An aqueous solution containing 0.05 mol/L iron nitrate and 0.05 mol/L phosphoric acid was prepared to obtain raw material A;

(2) 0.1 mol/L aqueous ammonium phosphate solution was prepared to obtain raw material B, and 1 L of raw material A and 1 L of raw material B were rapidly mixed using a membrane dispersion micromixer to obtain paste C; and

(3) The paste C was subjected to hydrothermal treatment under atmospheric pressure for 0.2 hours at a treatment temperature of 100 °C, then a precipitate was filtered from the paste C, and then the precipitate was washed and dried to obtain an iron phosphate product.

Comparative example 4

We compare this comparative example with example 1: No precipitant was added in step (2).

Comparative example 5

We compare this comparative example with example 1: No water was added to dilute the reaction in step (2).

Table 1 Comparison of specific test data between iron phosphate prepared in Examples 1-3 and iron phosphate prepared in Comparative Examples

It is clear from the data in Table 1 that the iron phosphate prepared in the examples of the present disclosure is the nano-scale iron phosphate, while the iron phosphate prepared in Comparative Examples is the micro-scale iron phosphate. The comparative data show that, the iron phosphate prepared at the nano-scale can significantly improve the specific surface area and compaction density of the iron phosphate.

The embodiments of the present disclosure are described in detail above, but the present disclosure is not limited to the aforementioned embodiments, and various changes may be made without departing from the purpose of the present disclosure within the scope of knowledge possessed by those of ordinary skill in the art.
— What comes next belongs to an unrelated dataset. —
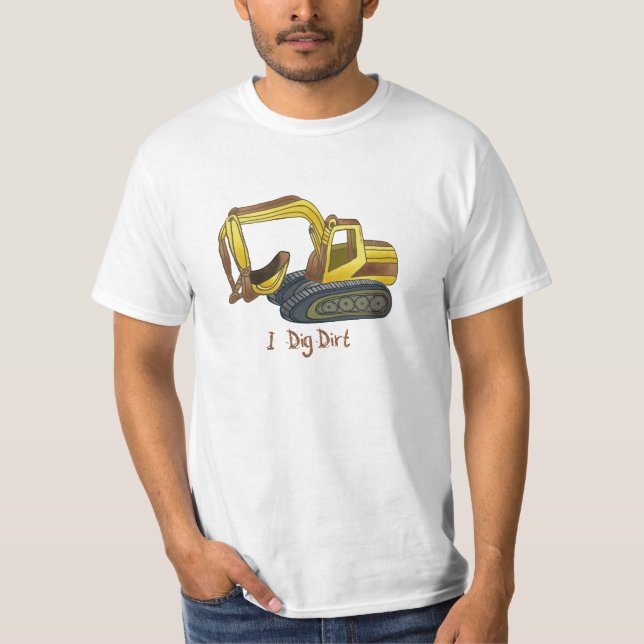 En kraftskovel gräver smuts t-shirt (Framsida)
Furthermore, the embodiments in the present disclosure and the features in the embodiments may be combined with each other under the premise that there is no conflict.

Claims (10)

1. A method for preparing a nanosheet iron phosphate, comprising the following steps: Dissolve a phosphorus source and an iron source in an acidic solution to obtain an iron phosphorus solution; (2) heating part of the iron phosphorus solution to boiling, adding a precipitant and diluting a reaction to obtain a primary iron phosphate paste; and (3) Drop the remaining iron phosphorus solution into the primary iron phosphate mixture, and heat the reaction to obtain iron phosphate. 2. The method according to claim 1, wherein in step (3), it further comprises filtering, washing and drying the iron phosphate to obtain an iron phosphate product. 3. The method according to claim 1, wherein in step (1), the iron source is at least one of elemental iron, iron salt, ferrous iron salt, magnetite, or hematite; preferably, in a case where the iron source is elemental iron and/or ferrous iron salt, an oxidant is further added to the iron phosphorus solution. 4. The method according to claim 1, wherein in step (1), the phosphorus source is at least one of phosphoric acid, dihydrogen phosphate, hydrogen phosphate, hydroxyethylene diphosphonate or aminotrimethylene phosphonate. 5. The method according to claim 1, wherein in step (2), the acidic solution is at least one of sulfuric acid, hydrochloric acid and nitric acid. 6. The method according to claim 1, wherein in step (2), water is added to dilute during diluting the reaction, wherein, a volume ratio of water added to the part of the iron phosphorus solution is (2-20):1; preferably, in step (2), diluting the reaction comprises diluting with water and aging.7 7. The method according to claim 1, wherein in step (2), the precipitant is at least one of titanium chloride, titanium sulfate, titanium dioxide, aluminum chloride, aluminum sulfate, or iron phosphate. 8. The method according to claim 1, wherein in step (3), before adding the remaining iron phosphorus solution in the primary iron phosphate paste, it further comprises adding the precipitant into the remaining iron phosphorus solution. 9. A nano-sheet iron phosphate prepared by the method of any one of claims 1 to 8, the nano-sheet iron phosphate having a sheet diameter D50 of 200 nm to 300 nm, a specific surface area of 40 m2/g to 43 m2/g, and a packing density of 2.4 g/cm3 to 2.8 g/cm3. 10. A lithium iron phosphate prepared from the nanosheet iron phosphate of claim 9.